There is no clear dictionary definition of ‘co-construction.’ We are looking at building something new, together. Identified as ‘sharing problems and jointly developing solutions’ (Welsh Government, 2021), this new way of working is identified as necessary to realising a purpose-led curriculum within the Welsh education system. As a practitioner working in Wales, I see this as valuing the role of everyone in the Welsh education system: pooling expertise and resources to create policies and systems that enable our learners in Wales to realise the Four Purposes (the purpose of Wales’ curriculum, now enshrined in legislation) ensuring that all learners develop as:
- Ambitious, capable learners, ready to learn throughout their lives
- Enterprising, creative contributors, ready to play a full part in life and work
- Ethical, informed citizens of Wales and the world
- Healthy, confident individuals, ready to lead fulfilling lives as valued members of society
(Donaldson, 2015, p.29)
Co-construction has emerged in response to disappointing educational outcomes in Wales and recognition that previous curricular have been created by government in isolation, often leaving a gap in understanding and ownership of the profession who are responsible for its success. Successful Futures (2015), the Welsh Government-commissioned report into the effectiveness of Welsh education, concluded that the capacity for educational reform exists in Wales.

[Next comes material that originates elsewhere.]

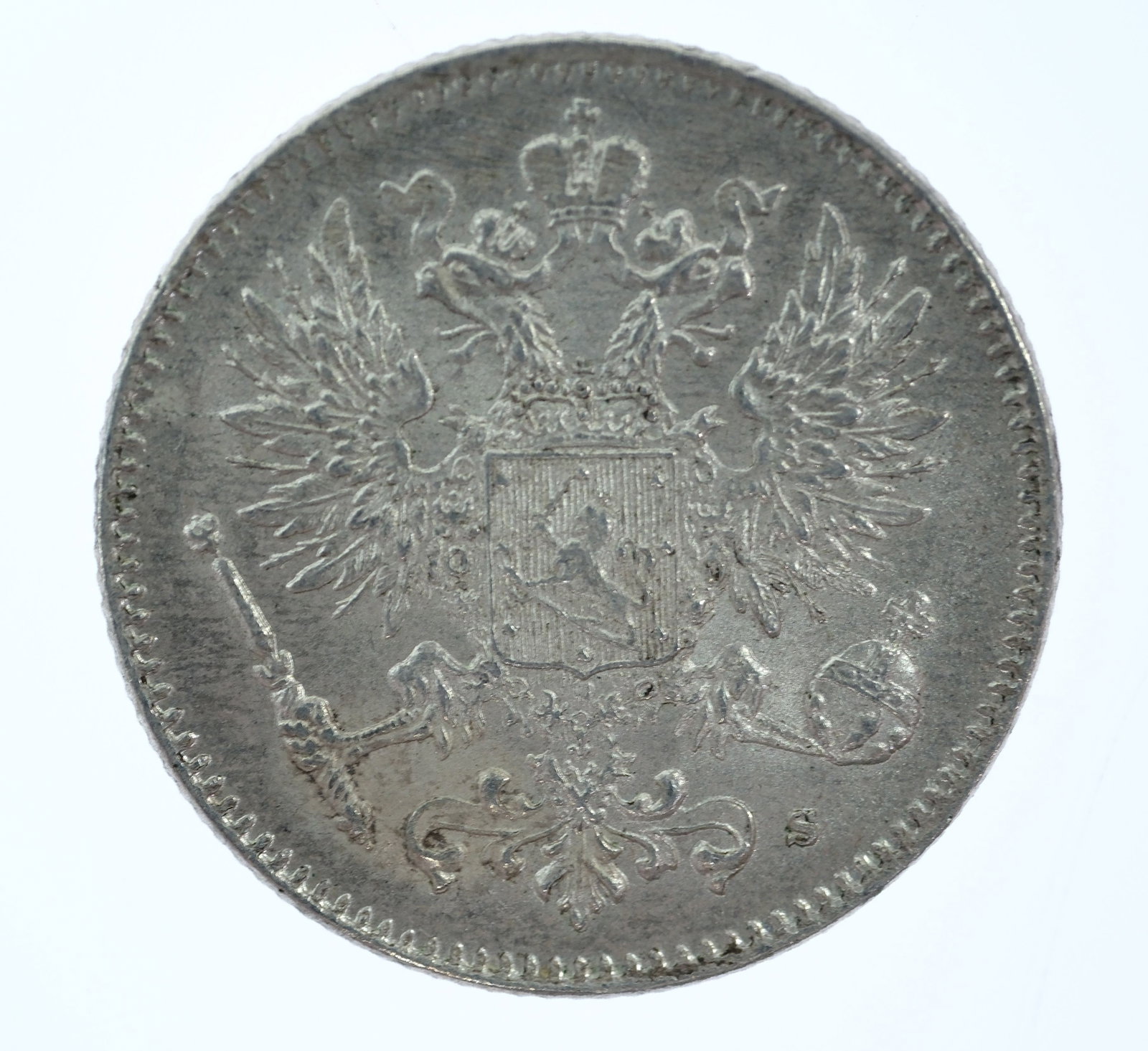 Finland (under Russia) 1916 S Silver (750) 50 Pennia, near Gem Uncirculated - 2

This has enabled the Welsh Government to combine the knowledge and skills of the education workforce with the academic research provided by its partnership with higher education institutions, and the OECD, to employ an approach to reform that is rooted in co-construction. I would argue that grasping the opportunity of co-construction will enable successful realisation of Curriculum for Wales through a powerful combination of high-quality educational research, professional autonomy and shared ownership for all who work within Welsh education.

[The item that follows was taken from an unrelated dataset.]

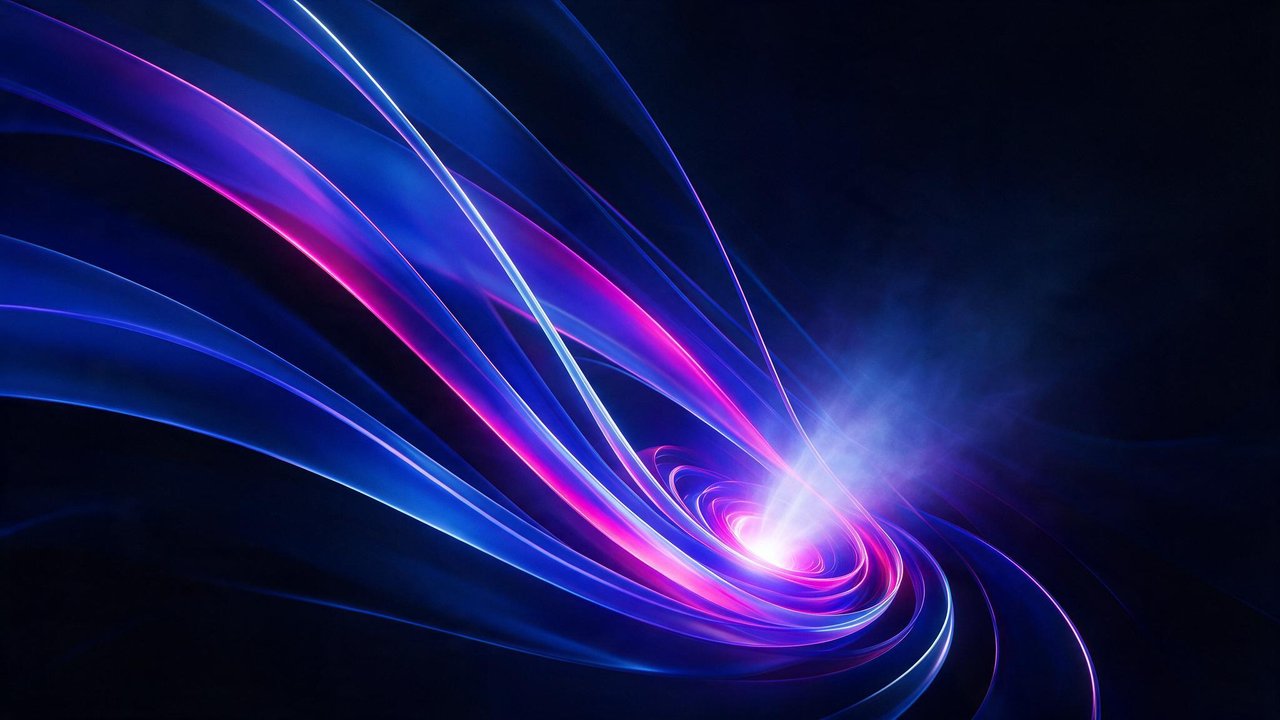 Vibrant ribbons of electric blue, violet, and pink light swirl into a bright core against a deep, starless void, creating an energetic, futuristic cosmic vortex.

Curriculum theory expert, Mark Priestley, argues the importance of teacher autonomy in ensuring successful implementation of these co-constructed policies and systems across Europe. And herein lies the problem for us in Wales.

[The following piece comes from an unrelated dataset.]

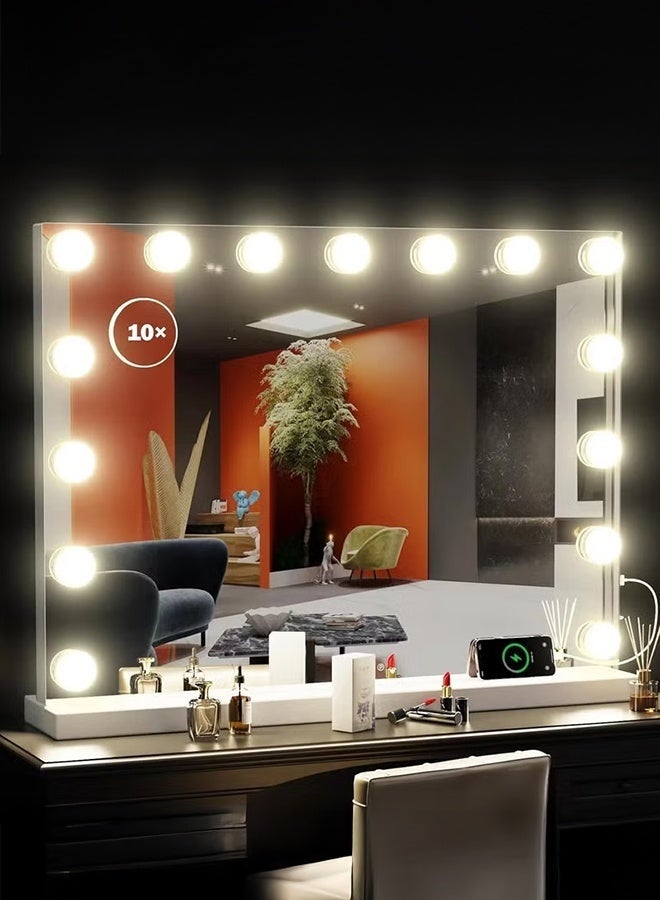 WALALLA Rectangle Vanity Mirror Makeup Mirror With 15 LED Lights USB & Type C Charging Ports Lighted Dimmable 10X Magnification 3 Colors Light Touch Control 58×46×5cm - Image 1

Every practitioner in the country must understand and have the skills to realise this curriculum, but not all have been part of or have bought into the process of co-construction. In 2018, the Welsh Government published a list of Pioneer Schools that were tasked with working alongside government and the middle tier (regional partnerships for school improvement, Wales’ inspectorate Estyn and higher education) to co-construct the Curriculum for Wales framework.
This framework, published for review in 2019, was then evaluated and refined by further practitioners, with attempts at early trials by some schools in Wales. This has enabled hundreds of schools in Wales to be a direct part of co-constructing the Curriculum for Wales framework.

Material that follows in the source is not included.